→ Work item
Copy the final lines exactly, starting at the one that contains "Partager et rt svp ;) https://t.co/rI5JarmheI" and ending with the last line of the listing below. Pictures are not part of the copy.
Top of Data for this task
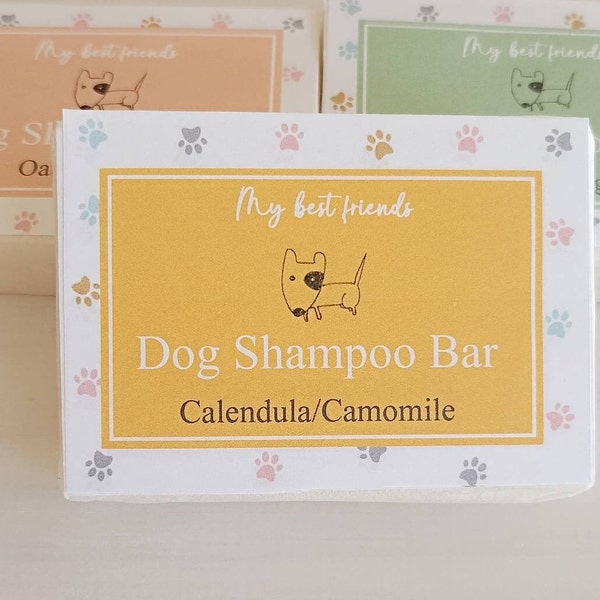 Calendula & Chamomile Solid Shampoo for Dogs /Vegan Shampoo/Natural Glycerin Solid Shampoo/Puppy Shampoo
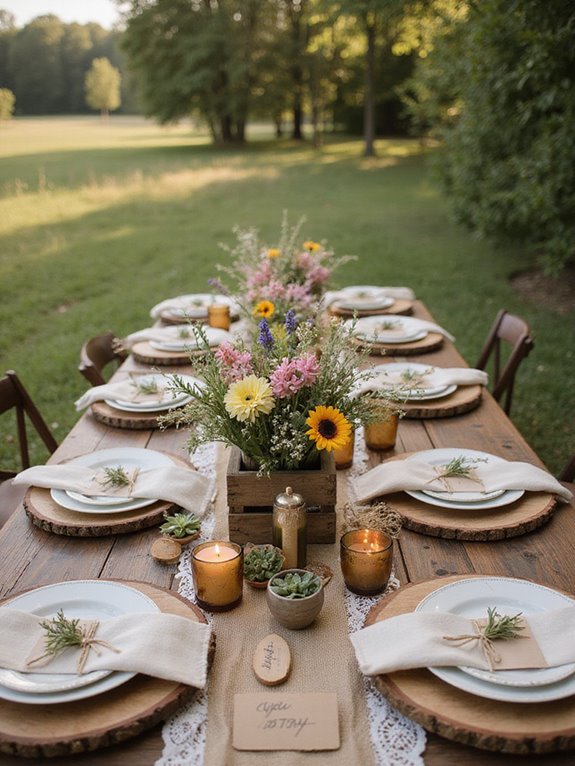rustic wedding wood decor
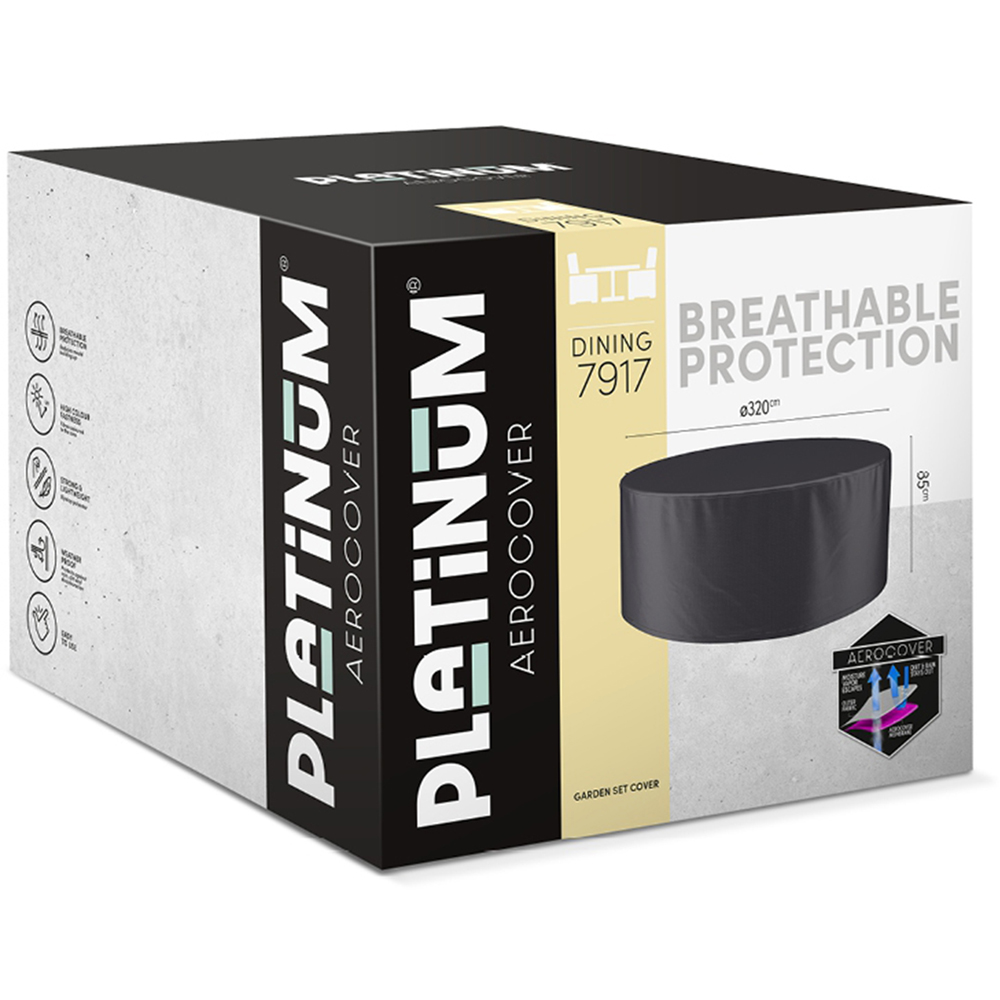 Platinum AeroCover Waterproof Round Dining Set Cover 85 x 320 x 320cm Image 2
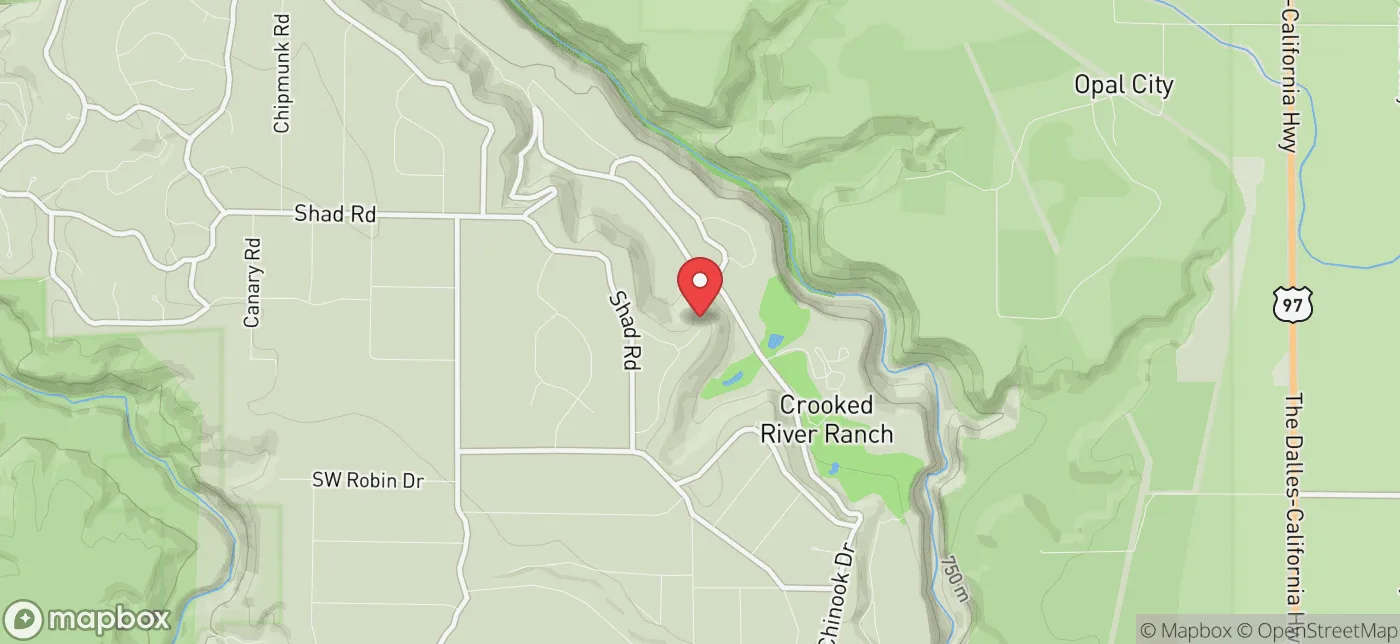Pickup location near Bend, Oregon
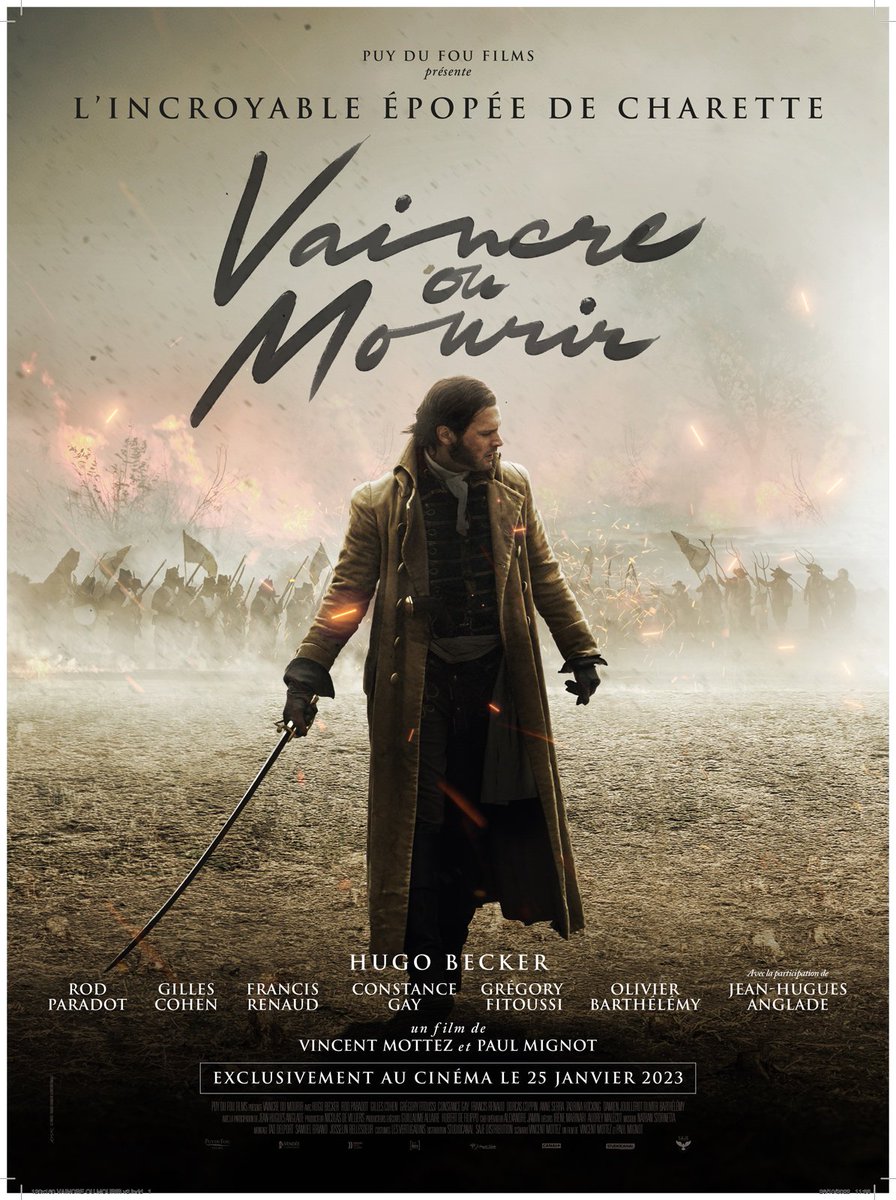 Droitefrance62's tweet photo. Les Gauchistes ragent contre ce film,car nous verrons les crimes de leurs ancêtres contre les familles catholiques vendéenne.(cf 2) 

Ce film s'appelle " Vaincre ou ou mourir".il sort le 25 janvier au cinéma et s'il marche,ca va faire rager les gauchistes.

Partager et rt svp ;) https://t.co/rI5JarmheI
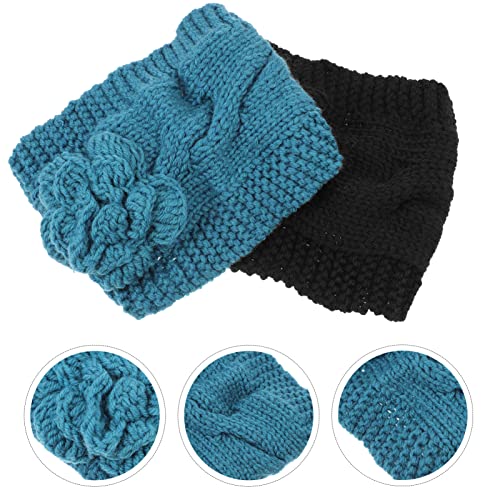 2Pcs-Knit-Headbands-Winter-Ear-Warmers-Flower-Crochet-Elastic-Head-Wraps-Hair-Band-Accessories-for-Women-Girls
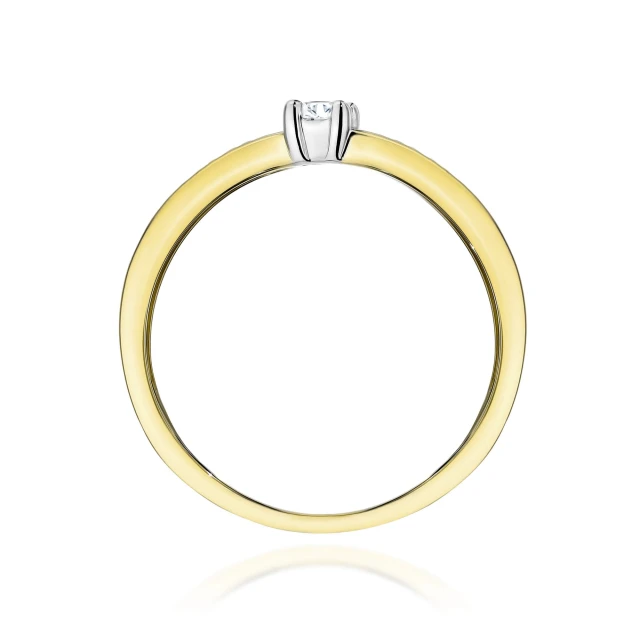 Gold Ring 585 mit Diamant Diamant Diamant 0.10ct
Bottom of Data for this task
→ Answer section
Partager et rt svp ;) https://t.co/rI5JarmheI
 2Pcs-Knit-Headbands-Winter-Ear-Warmers-Flower-Crochet-Elastic-Head-Wraps-Hair-Band-Accessories-for-Women-Girls
 Gold Ring 585 mit Diamant Diamant Diamant 0.10ct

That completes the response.